Why do we need pointers 2x on "item"?


In BNRItemStore I see two pointers to item. Is this done for sake of ARC, working under the assumption the reference gets dropped after createItem method is called and needs to be created again when removeItem is called?

[code]- (BNRItem *) createItem
BNRItem *item = [BNRItem randomItem];
[self.privateItems addObject:item];
return item;

  • (void)removeItem:(BNRItem *)item;
    [self.privateItems removeObjectIdenticalTo:item];


I’m not sure I’m going to answer your question correctly, because I have a feeling I’m not understanding you fully. So please ask questions if I didn’t understand, but let me give it a shot.
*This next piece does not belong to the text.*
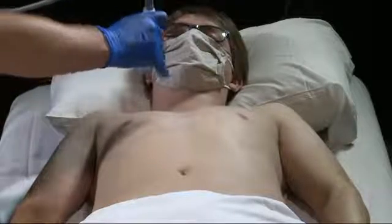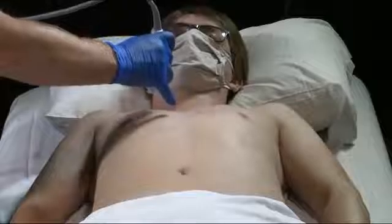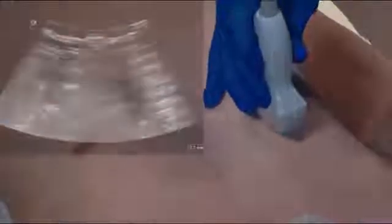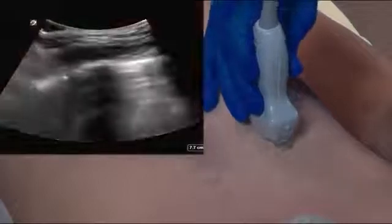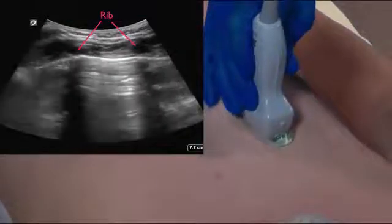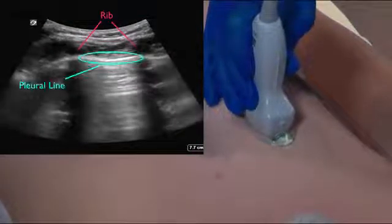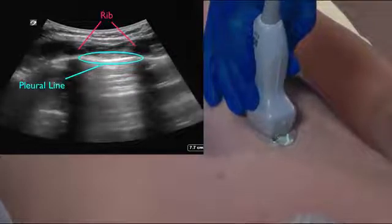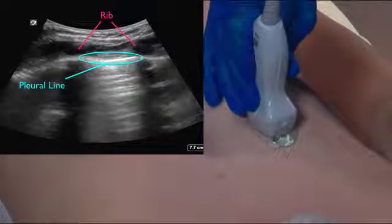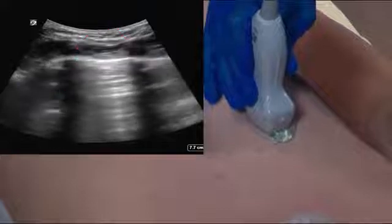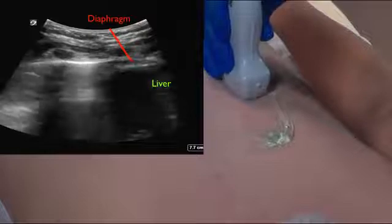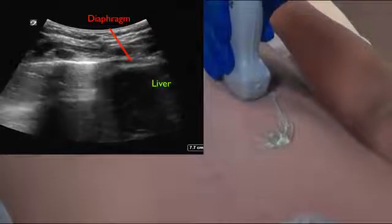We're going to place the transducer along the mid-clavicular line just above the patient's nipple. We're going to place the transducer down, identify a rib, identify the intercostal space, and then the pleural line. Once we've done this, we're going to drag the transducer just below the nipple, looking for lung sliding throughout.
When you call the +randomItem method, a new BNRItem is created on the heap and we have one pointer to this BNRItem, which is the item local variable. At this point, the BNRItem has one owner.

On the next line of code, we add that BNRItem to the privateItems array. Since arrays own their objects, the BNRItem now has two owners: one from the item local variable and another from the privateItems array.
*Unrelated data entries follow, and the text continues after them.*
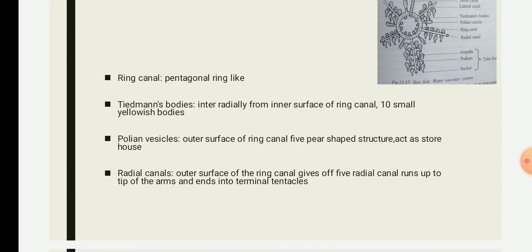The Polian vesicles emerge from the outer side of the ring canal. They are five pear-shaped structures arranged interradially. These are thin-walled, bladder-like, elongated structures with a narrow neck. The Polian vesicle serves as a storehouse for the fluid in the water vascular system.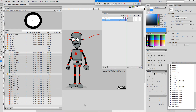So this pretty much covers all that the LB Rename is capable of doing. It's a pretty powerful tool to keep your libraries neat and well organized. Enjoy and have a great day.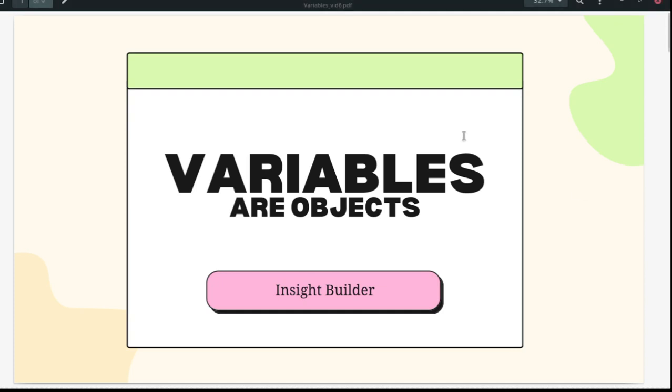Welcome data leaders to the Insight Builder channel. We are going to talk about variables. They are objects in Python.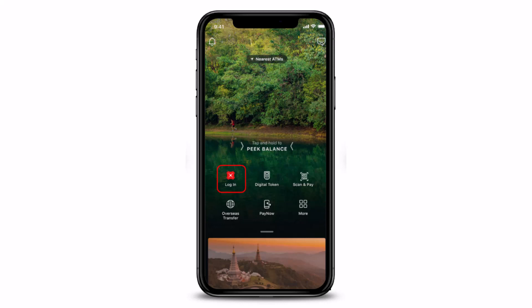In order to activate your credit card using the Digibank mobile application, you first need to make sure that you have already activated your Digibank online activation. Also make sure that you have updated the Digibank mobile app to the latest version.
The thing to remember is, item is a local variable, so when we return from the createItem method, the local variable goes out of scope, and so one owner to the BNRItem is lost. At this point, the only reference we have to the BNRItem is through the privateItems array.

We aren’t recreating anything in the removeItem: method. A pointer to some item (aka a memory address) is passed in, and the privateItems array removed the BNRItem with the same memory address from itself. As mentioned in the previous paragraph, since the privateItems array is the only object that is an owner on the BNRItem, when it is removed from the array, its ownership count decrements from 1 to 0, and so the BNRItem will get destroyed.
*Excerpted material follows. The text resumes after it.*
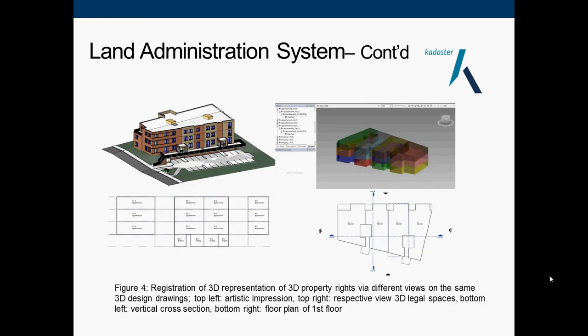Here is an example of that. On the top right, we have a perspective view of 3D legal spaces. On the bottom left, a vertical cross section. On the bottom right, a floor plan of the first floor.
Let me know if that helps.


Awesome! I think it’s clear now. Thank you!


Another point of clarification is that the choice of the name item in both methods is logical, but completely arbitrary. We could have written the second method as:

- (void)removeItem:(BNRItem *)foobar
    [self.privateItems removeObjectIdenticalTo:foobar];

and everything would still be the same.


Just remember about Scoping, the BNRItem *item is local for each method, so you just can pass a value in some of them. So, you can work as you wish with them.